AI continues to increase in popularity with no signs of stopping. While it has its advantages, such as increased innovation and efficiency, CIOs would be remiss to ignore the security and financial implications. 

For one, many AI apps can handle sensitive data, raising concerns about data privacy and the needs for governance. In fact, 89.4% of the IT leaders we surveyed have concerns about the security risks associated with AI tools. 

As AI continues to evolve quickly, so do the associated risks. Organizations must be vigilant about emerging challenges, like the potential for data breaches and need for transparency in data handling.

In addition, AI proliferation could also accelerate vendor lock-in, contributing to long-term increases in SaaS costs. The rapid adoption of AI solutions often ties organizations to specific platforms, making it difficult and costly to switch vendors. Over time, vendors could capitalize on this dependency, leaving organizations with limited bargaining power and fewer cost-saving options.

INSIGHT #3

IT Leaders Risk Complacency with Diminishing Software Ownership

Year over year, IT teams are owning less and less software, relegating a majority of responsibility to lines of business—specific groups, divisions, or departments within the company. Last year was no different, with IT owning a mere 26.1% of SaaS spend and 15.9% of apps, compared to 70% of spend and 50.5% of apps owned by lines of business. 

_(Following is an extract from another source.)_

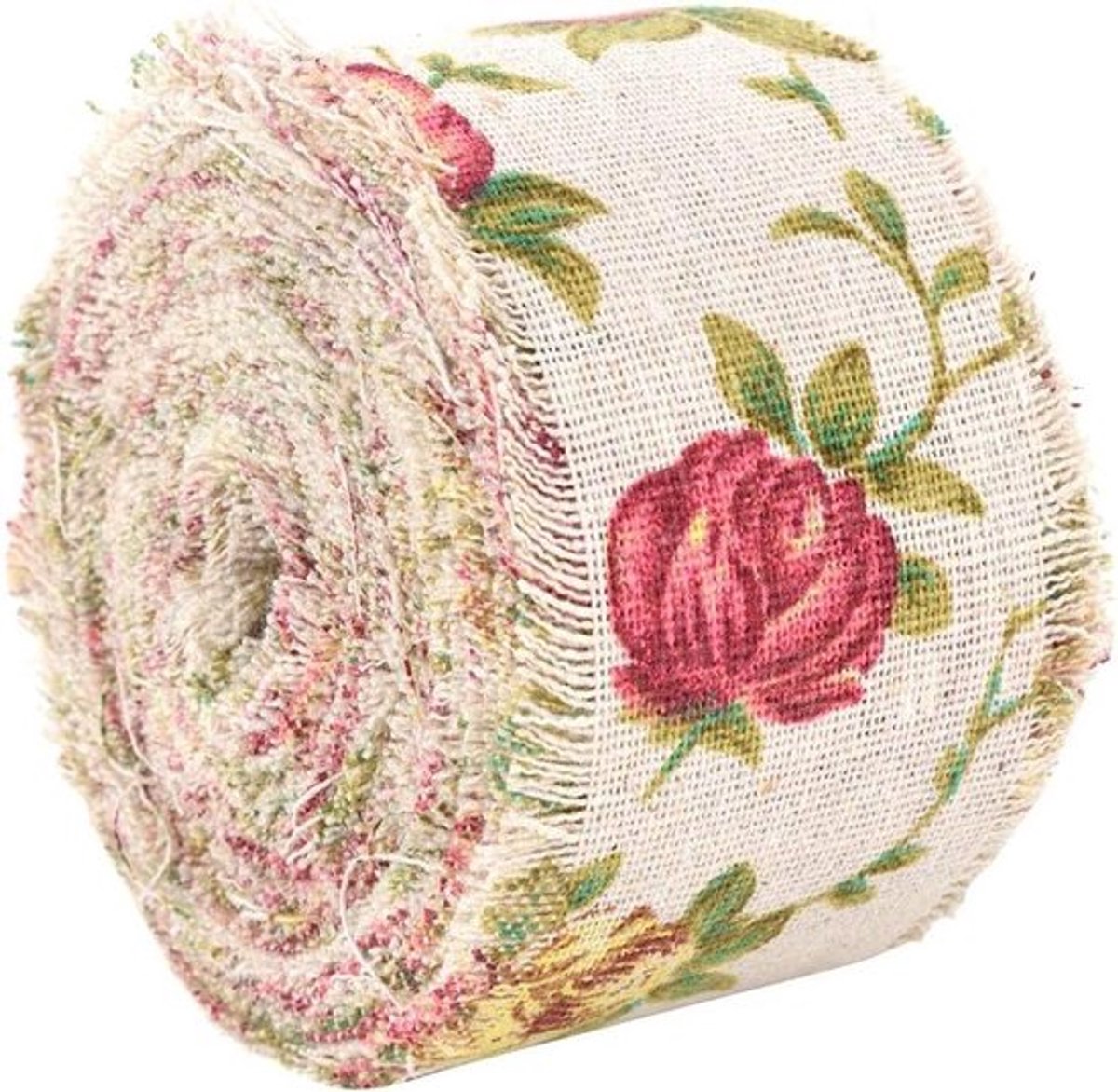 Vintage toile de jute met roze bloemenprint van 10 meter lang, ideaal voor sfeervolle huwelijk decoratie en creatieve knutselprojecten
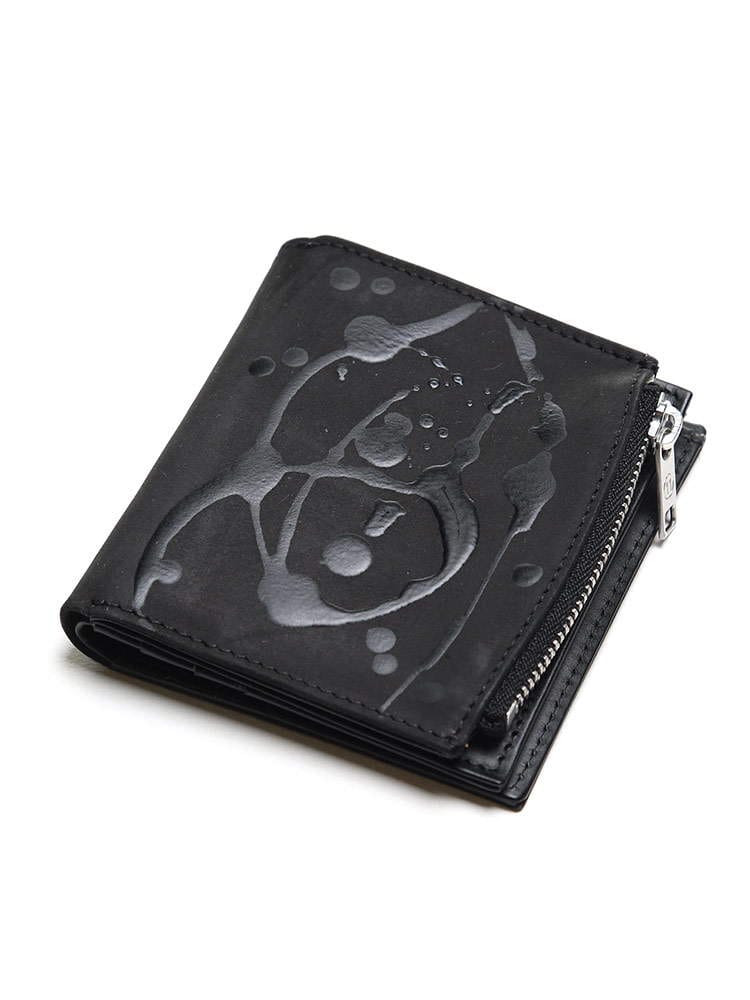 Maison Margiela (メゾン マルジェラ) レザー ペイント ロゴ 二つ折り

Because IT no longer has full visibility, software spending grows unhindered, making it difficult to holistically and effectively reduce costs and risks. And those risks will get exponentially worse, too. 

IT is now responsible for just 26.1% of SaaS spend
and 15.9% of applications

If you don’t have a SaaS Management program in place, SaaS sprawl will take over your environment like ants at a picnic. With an average of 7.6 applications entering the tech environment each month, software portfolios could see growth upwards of 33.2%! The cumulative costs increase as your portfolio grows. 

Decentralized purchasing is here to stay. Savvy IT leaders won’t let their diminishing software ownership be a reason to be complacent. 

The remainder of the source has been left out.